A while back I posted this link: http://www.sfgate.com/cgi-bin/article.cgi?f=/c/a/2010/03/17/BAGI1CGM1H.DTL

The board I found it on went on to have a fairly heated discussion about sustainable farming practices and whether Lierre Keith's claims that strictly vegetarian farming is harder on the environment than diverse farming. Coming from a standpoint of sustainability, it does seem that some non-predator animals need to be involved in the local farming loop in order to produce manures to enrich the soil.

Thoughts?

I haven't yet read the Omnivore's Dilemma but I think it also touches a bit on biodiverse sustainable farming practices.
"I'm guessing it was January 2007, a meeting in Bethesda, we got a bag of bees and just started smashing them on the desk," Charles Wick said. "It was very complicated."


rygD

I have heard that it is best to not farm a particular plot year after year, and I suppose what you said makes sense, as the soil would eventually be devoid of nutrients.  On the other hand, how is this any different than letting that land go and have whatever plant life sprouts up in it (even grasses) using all that up.  I like eating meat and other animal products, and the manure will return nutrients to the ground, but wouldn't the dead plants do the same?
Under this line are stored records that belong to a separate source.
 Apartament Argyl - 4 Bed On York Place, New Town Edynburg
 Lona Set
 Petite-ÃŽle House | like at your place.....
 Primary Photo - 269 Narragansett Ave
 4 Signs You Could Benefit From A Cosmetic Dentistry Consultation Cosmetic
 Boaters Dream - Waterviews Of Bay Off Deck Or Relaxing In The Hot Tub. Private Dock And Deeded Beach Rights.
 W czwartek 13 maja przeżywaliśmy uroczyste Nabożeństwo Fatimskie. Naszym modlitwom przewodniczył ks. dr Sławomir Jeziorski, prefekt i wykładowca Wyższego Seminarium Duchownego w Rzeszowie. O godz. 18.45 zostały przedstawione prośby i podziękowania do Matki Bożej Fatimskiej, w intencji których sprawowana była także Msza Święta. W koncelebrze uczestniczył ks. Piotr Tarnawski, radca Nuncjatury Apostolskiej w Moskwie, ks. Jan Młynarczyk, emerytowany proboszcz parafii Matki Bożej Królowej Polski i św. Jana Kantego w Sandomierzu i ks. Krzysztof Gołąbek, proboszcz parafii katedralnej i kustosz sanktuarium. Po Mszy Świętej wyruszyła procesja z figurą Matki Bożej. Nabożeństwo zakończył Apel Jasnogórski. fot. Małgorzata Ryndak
Fighting my urge to suggest things such as killing off a large percentage of the human population to reduce how much food is required, or using the blood of men to make the soil more fertile, I think that using the old compost heap is a step in the right direction for supplementing the soil.  This seems to me that it would help out, but it may be true that it wouldn't be enough.  I also think it would be a good idea to help reduce landfills.  Free range farming has a lot of positives, but the way that many cultures are at present (vast urban areas with huge populations) may not make this feasible in many places, so the factory farm seems the best option (to my uneducated mind).

For a small community I think it can go either way, but again, I am not familiar with farming.  I think that a vegan community should be fine if they use whatever they can to give back to the soil.  Is it possible to "clean" sewage for use to fertilise crops?  I do think that an omnivorous community would have the advantage, as they could use manure along with other parts that are not consumed or otherwise used.  Another option is to live off of what grows wild in the area, depending on the size of the group and their location.

Perusing the article you linked I think I personally agree with some of what the woman proposes, but I also approve of peppery pies as weapons!  What a brilliant idea.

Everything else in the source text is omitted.